Pre-configured Azure workstation

Cloud Shell comes pre-installed with popular command-line tools and language support so you can work faster.
View the full tooling list for Bash experience and PowerShell experience.

Automatic authentication

Cloud Shell securely authenticates automatically on each session for instant access to your resources through the Azure CLI 2.0.

Connect your Azure File storage

Cloud Shell machines are temporary and as a result, require an Azure file share to be mounted as clouddrive to persist your $Home directory. On the first launch, Cloud Shell prompts to create a resource group, storage account, and file share on your behalf. This is a one-time step and will be automatically attached for all sessions. A single file share can be mapped and will be used by both Bash and PowerShell in Cloud Shell.

Below are some conditions that we have to remember:

Cloud Shell runs on a temporary machine provided on a per-session, per-user basis
Cloud Shell times out after 20 minutes without interactive activity
Cloud Shell can only be accessed with a file share attached
Cloud Shell uses the same file share for both Bash and PowerShell
Cloud Shell is assigned one machine per user account
Permissions are set as a regular Linux user (Bash)

Now that we have some background knowledge on the PowerShell in Cloud Shell, let us dig more into the usage of it:

To access the Cloud Shell, click on the PowerShell icon in the Azure portal:

image_1

Once you click on the icon, a pane is opened at the bottom of the screen as shown below. You can choose from two options – BASH or PowerShell. Since we are interested in learning PowerShell in CloudShell, let us choose PowerShell as our desired option.

image_2

When you are starting for the first time, the Shell will configure an Azure File Storage. Cloud Shell machines are temporary and as a result, require an Azure file share to be mounted as clouddrive to persist your $Home directory. Alternatively, if you have multiple subscriptions, you will be allowed to choose your favorite subscription to work with.

image_3

Azure Authentication, Resource Group, Storage Account and File Storage are automatically created as shown below:

image_4

Testing an Azure command. Works perfectly.

image_5

If you are idle for more than 20 minutes, you will be kicked off the session, and you will have to start the session again:

image_6

Discovering the drives under PowerShell in Cloud Shell:

Now let us execute the Get-ChildItem cmdlet and see what we can find.

image_8

As we can see, running the Get-ChildItem in the current scope will list out the subscriptions that your account is associated with.

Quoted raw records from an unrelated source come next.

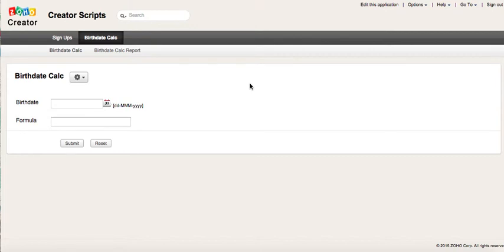Hello everyone, today I'm going to show you how you can duplicate a form in Circle Creator so you can save some time when building your application. I'm going to use this form that I have on the screen, birth date calculation.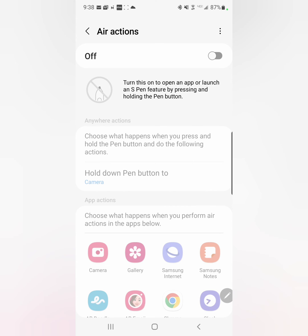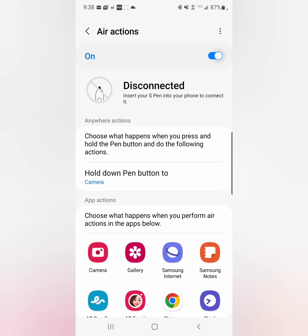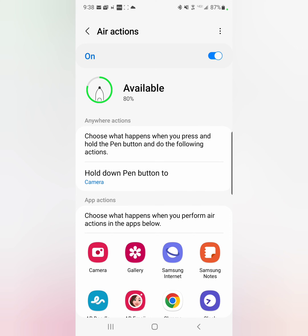So now I am putting that pen in, and now I'm going to turn this on and you'll see that it's connecting.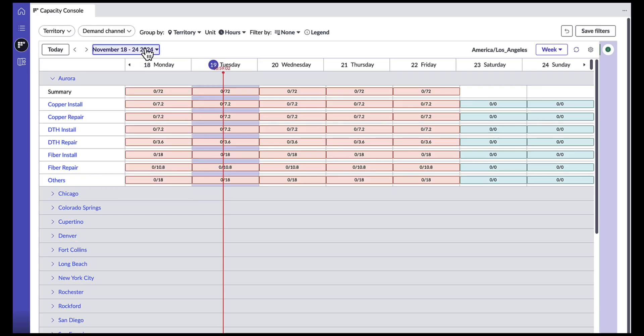To simplify navigation, there is a today button that will bring my dashboard back to present dates no matter how far back or ahead I have navigated.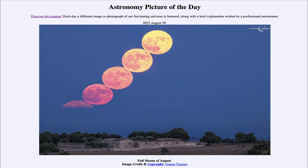So that was our picture of the day for August 30th of 2023, titled 'Full Moons of August.' We'll be back again tomorrow for the next picture, previewed to be the Crew 7 nebula, so we'll see what that's about tomorrow. Until then, have a great day everyone and I will see you in class.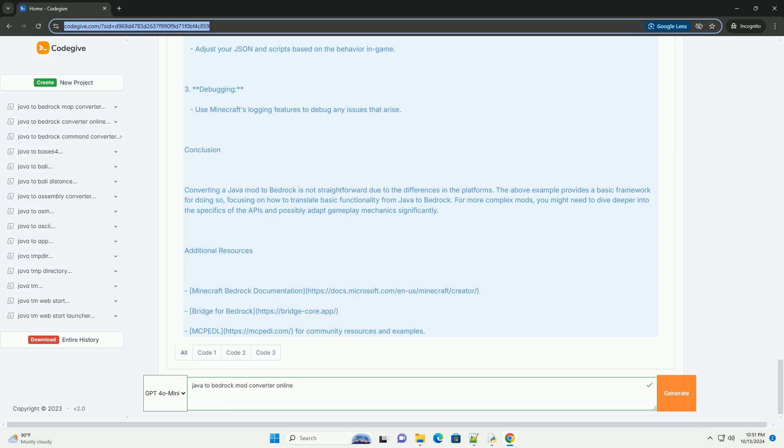You can write a simple script in JavaScript to define what happens when the item is used.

Traversing one step deeper into the directory, we can see the resources related to the subscription.

image_9

Let us get into the “StroageAccounts” directory to confirm if we get to see a list of Storage Accounts under the selected subscription:

image_10

PowerShell cmdlets to manage PowerShell in Cloud Shell:

From the below information, we can see that Microsoft provides us two cmdlets to work with the cloud shell.

image_12

Get-CloudDrive provides the details of the “Azure File Share” that was created when the cloud shell started. You may continue to use the cloud share. However, if you want a new one, you can dismount and create a new one using the Dismount-CloudDrive cmdlet.

image_11

Note: Once you dismount the Azure file share, your current session will be restarted to set up a new cloud share.

Assumption:

I am assuming that Microsoft is using container service infrastructure to provide a session. You will get the below windows path when you query for the temp drive:

C:\Users\ContainerAdministrator\AppData\Local\Temp

image_11

Note the administrator is a “ContainerAdministrator.” The container here could be a Windows Server or a Windows Container. I am assuming it is a Windows Container since the underlying “image” comes pre-packaged with below tools and a temporary one. A typical use case scenario for Container technology.

image_13

 

If the content is valuable to you, do consider sharing it with your friends and colleagues.

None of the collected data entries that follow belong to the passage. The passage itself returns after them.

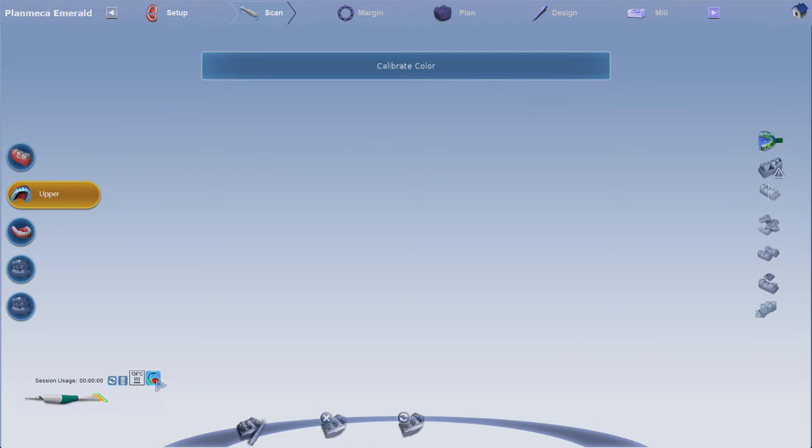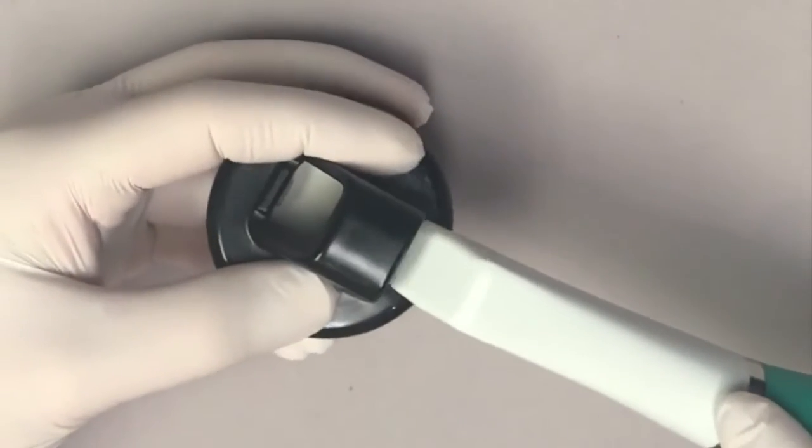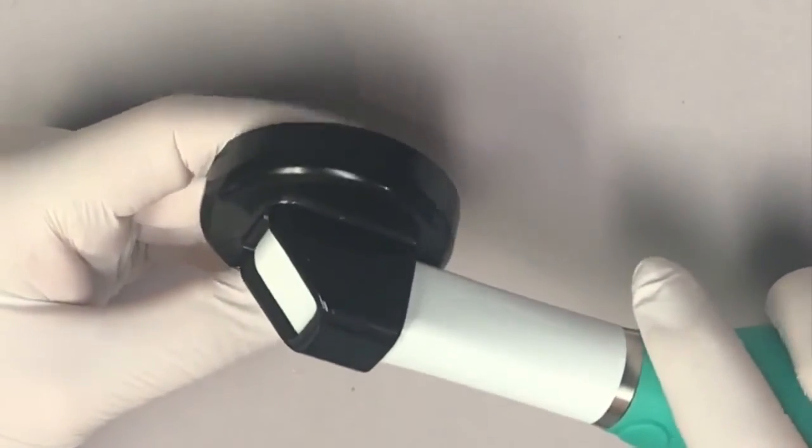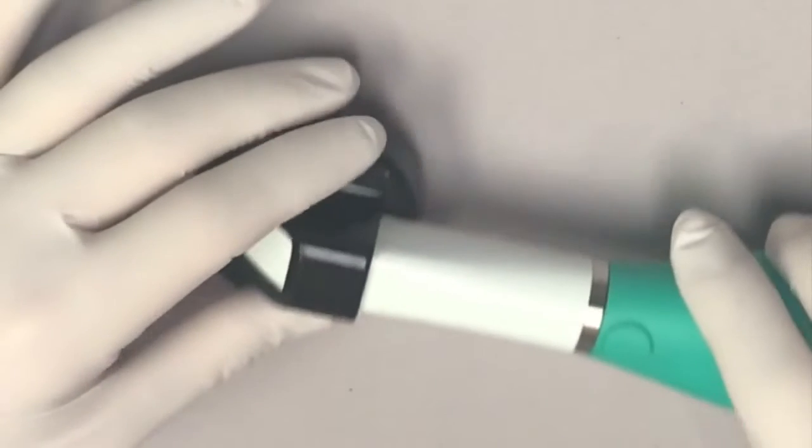Simply click on the color icon just above the scanner in the lower left, insert the scanner tip into the color balancer, then hit next.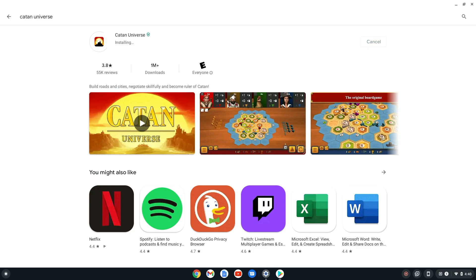After the app is installed, we can launch it by selecting Open here, or from the app drawer we just saw in the launcher.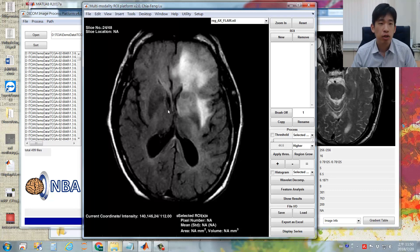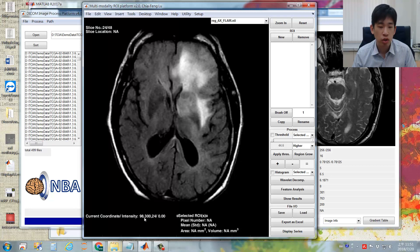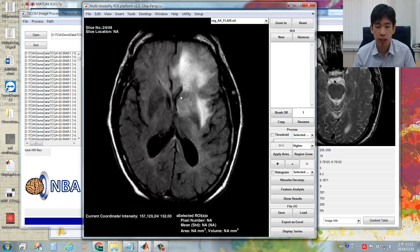You can see there is some information displayed in this imaging panel. There is the slice number — the displayed image is the 24th of all 48 images in this image contrast. There is also an indicator showing the current mouse coordinates and the image intensity, and the numbers are kept updated as you move your mouse.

Did I miss out anything? Let me know in the comments section.

 

Download my PowerShell scripts for Free!

 

Azure – First look into “Event Grid Subscriptions”

This blog takes a first look at the “Event Grid” service by Azure. Microsoft announced this service in August 2017. This is still in public preview as of writing this blog.

Azure Event Grid allows you to easily build applications with event-based architectures. You select the Azure resource you would like to subscribe to and give the event handler or WebHook endpoint to send the event to. Event Grid has built-in support for events coming from Azure services, like storage blobs and resource groups. Event Grid also has custom support for application and third-party events, using custom topics and custom webhooks.

You can use filters to route specific events to different endpoints, multicast to multiple endpoints, and make sure your events are reliably delivered. Event Grid also has built in support for custom and third-party events.

event-grid-functional-model

We shall create a simple “Event Grid Subscription” which comes under Event Grid. This Event Subscription will monitor one of Azure Resource Group for events. Trigger an Azure automation runbook, in case if any event occurs on the resource group.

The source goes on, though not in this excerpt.